● **Action item**
Among the entries below, find the lines with the word "Vintage" and copy them.

Task inputs Block Start

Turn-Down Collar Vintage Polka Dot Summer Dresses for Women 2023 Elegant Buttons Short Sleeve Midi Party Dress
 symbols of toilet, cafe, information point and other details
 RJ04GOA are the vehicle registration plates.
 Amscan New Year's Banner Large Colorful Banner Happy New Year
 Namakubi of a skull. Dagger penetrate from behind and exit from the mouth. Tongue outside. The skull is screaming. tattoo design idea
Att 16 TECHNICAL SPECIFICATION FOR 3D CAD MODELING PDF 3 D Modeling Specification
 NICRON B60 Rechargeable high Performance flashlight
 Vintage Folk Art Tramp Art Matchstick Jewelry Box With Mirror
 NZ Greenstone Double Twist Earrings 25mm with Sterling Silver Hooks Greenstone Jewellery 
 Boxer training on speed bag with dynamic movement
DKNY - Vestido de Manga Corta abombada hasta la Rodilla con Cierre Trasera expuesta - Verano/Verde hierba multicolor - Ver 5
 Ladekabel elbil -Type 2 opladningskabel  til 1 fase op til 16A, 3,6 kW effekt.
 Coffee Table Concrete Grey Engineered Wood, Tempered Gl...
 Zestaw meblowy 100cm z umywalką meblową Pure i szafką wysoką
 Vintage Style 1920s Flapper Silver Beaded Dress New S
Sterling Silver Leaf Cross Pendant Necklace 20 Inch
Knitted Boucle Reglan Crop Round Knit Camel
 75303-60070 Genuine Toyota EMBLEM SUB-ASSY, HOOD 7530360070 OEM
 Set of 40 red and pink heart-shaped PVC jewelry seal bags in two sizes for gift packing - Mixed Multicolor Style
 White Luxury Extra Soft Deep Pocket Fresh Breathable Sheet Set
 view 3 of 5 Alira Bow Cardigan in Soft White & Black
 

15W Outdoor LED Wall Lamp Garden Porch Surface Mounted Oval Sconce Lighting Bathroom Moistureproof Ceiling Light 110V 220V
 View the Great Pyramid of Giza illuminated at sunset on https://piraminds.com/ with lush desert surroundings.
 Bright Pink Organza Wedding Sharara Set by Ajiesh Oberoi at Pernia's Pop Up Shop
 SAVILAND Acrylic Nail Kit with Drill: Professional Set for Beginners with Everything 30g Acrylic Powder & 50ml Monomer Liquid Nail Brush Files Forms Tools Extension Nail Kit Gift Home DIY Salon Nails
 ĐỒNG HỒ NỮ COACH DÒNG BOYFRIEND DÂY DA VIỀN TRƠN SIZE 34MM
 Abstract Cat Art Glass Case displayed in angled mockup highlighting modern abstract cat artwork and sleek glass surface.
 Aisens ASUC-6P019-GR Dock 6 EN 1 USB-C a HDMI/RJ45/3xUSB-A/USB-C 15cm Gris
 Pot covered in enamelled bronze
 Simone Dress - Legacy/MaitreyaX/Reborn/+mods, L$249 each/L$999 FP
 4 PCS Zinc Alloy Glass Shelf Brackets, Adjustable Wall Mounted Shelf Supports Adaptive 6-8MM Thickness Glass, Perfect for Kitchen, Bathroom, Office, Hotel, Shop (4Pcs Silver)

Task inputs Block End

● **Solution for this task**
Turn-Down Collar Vintage Polka Dot Summer Dresses for Women 2023 Elegant Buttons Short Sleeve Midi Party Dress
 Vintage Folk Art Tramp Art Matchstick Jewelry Box With Mirror
 Vintage Style 1920s Flapper Silver Beaded Dress New S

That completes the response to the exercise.